Tuesday, June 23, 2015

The moment you realize infertility has taken over

Sometimes my words just do not come out right, sometimes it's hard to explain how I'm feeling. I learned today that in just about every conversation I have, infertility is on my mind.

I was in a discussion last week about karma. I said that I do not believe in karma because there are some really crappy people out there and nothing bad ever happens to them, and there are some really great people who just can't catch a break. In the same thought I mentioned I do however believe  I put good in the world in hopes that someone will be good to me when I need it. These comments blew the minds of those I was talking to. They said they now saw me in a different light, that they thought I was a nice person because it's the right thing to do, only now they believe it's because I want something in return.
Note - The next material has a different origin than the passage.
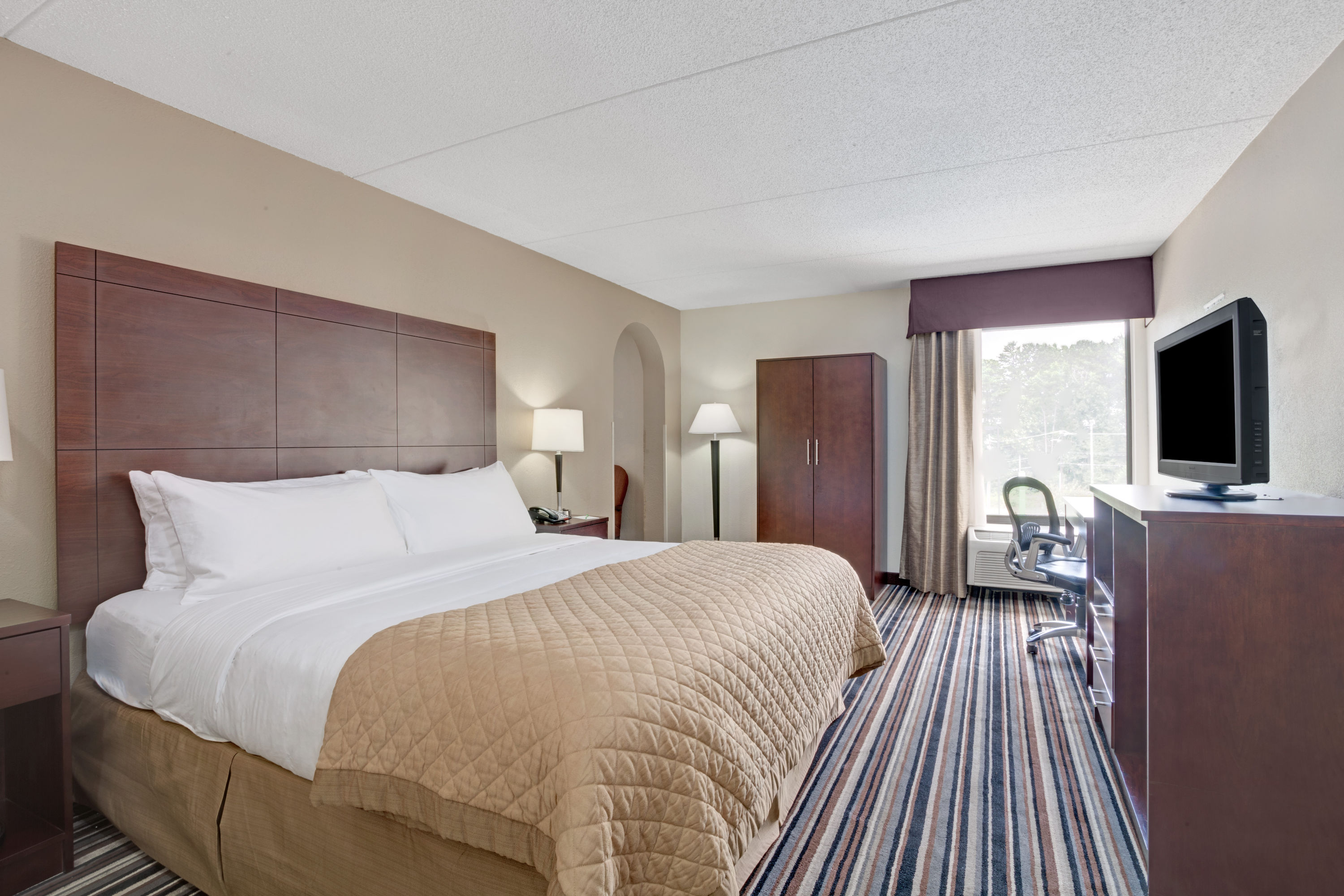 Suite bedroom at Wyndham Garden Charlotte Airport Southeast featuring a bed, television, desk, and window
Little did they know that I am struggling with finding good in the world and I'm very lost in it. I couldn't to put in words that I have prayed and pleaded with God to allow me to conceive a child, I have thought that maybe what goes around, does come around and maybe I need to put good back in the world to receive it only to be left empty and broken. I've tried every rational process of trying to understand why I'm infertile and others aren't. The conversation about karma circled around to infertility for me. It's the most heart breaking experience I have ever gone thru, so I'm sorry I don't have the "right" outlook on life in your opinion. My outlook is very blurry. I know I should lean on God but at the same time I'm so heart broken its hard to not question "WHY"?!

Second conversation with these same people came around today. It was about teaching children to share. Let me preface this with I do want my children to share with others. I told these people I do not believe in sharing (so maybe that wasn't the best thing to say). I went on to explain that when children think they must have a turn riding that bike, or whatever the object is, that sometimes life isn't that way. Sometimes you don't get your turn...friends this was the moment I realized I wasn't talking about bratty children, I was talking about myself.
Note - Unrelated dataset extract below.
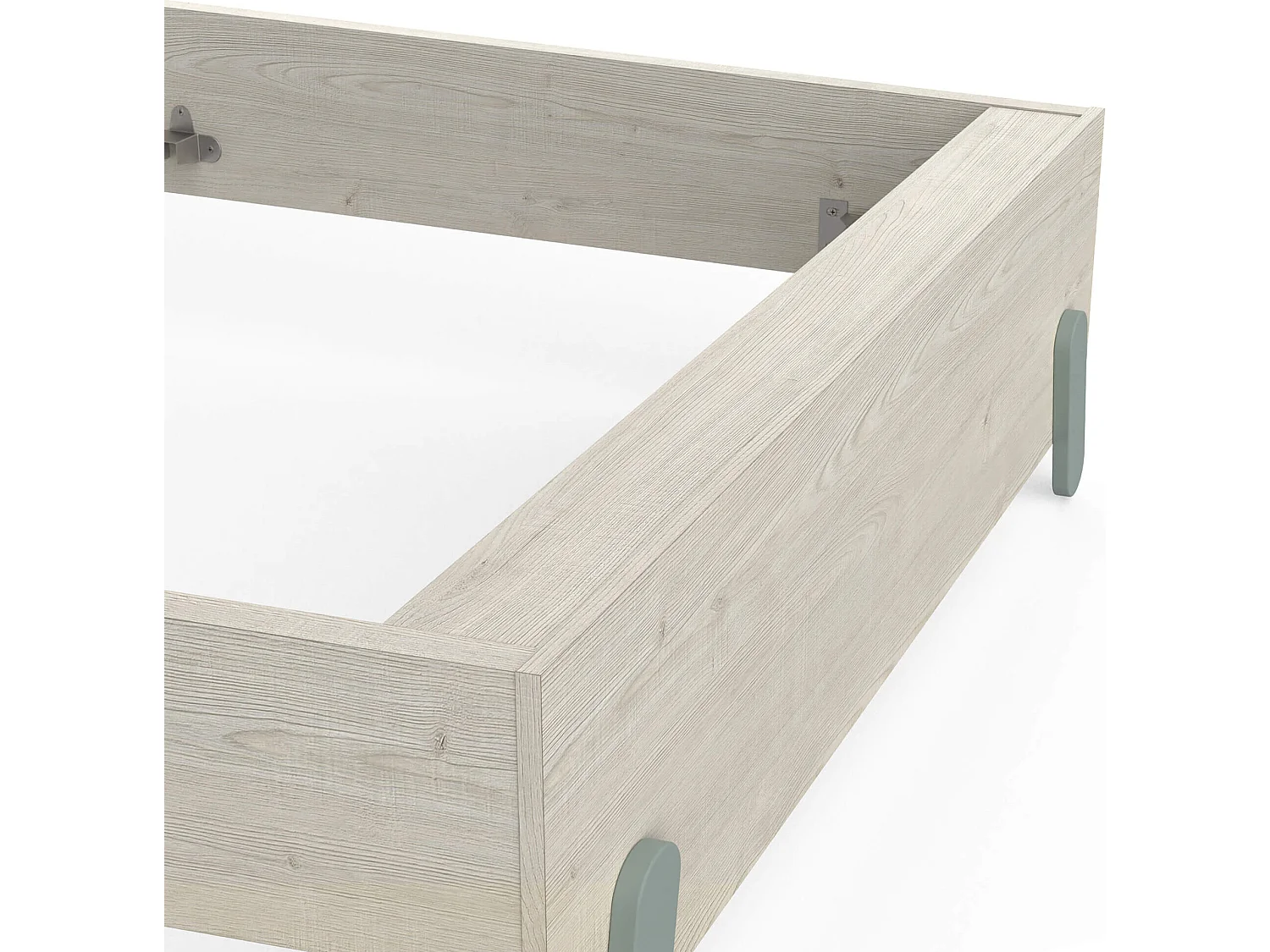 Lit extensible enfant en bois couleur chêne topanga et vert de gris 90x190/200 - LI217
I was talking about how unfair life can be and there isn't anything you can do about it sometimes. These people had NO CLUE what I was struggling with in this conversation. All they saw was a 31 year old childless woman saying she doesn't believe in sharing. They asked me if I was an only child and really made me feel like an awful person, but if they knew what my heart was saying would they have given me a pass to misspeak?  I am not sure but I do know this, infertility is a life changing, thought altering hardship. People do not understand the stress and pressure I feel right now waiting to find out if we're going to be parents this month or not.

I have no news on my TWW. I Haven't tested and I don't plan to until Friday (even though if i'm going to start it will be today or tomorrow most likely).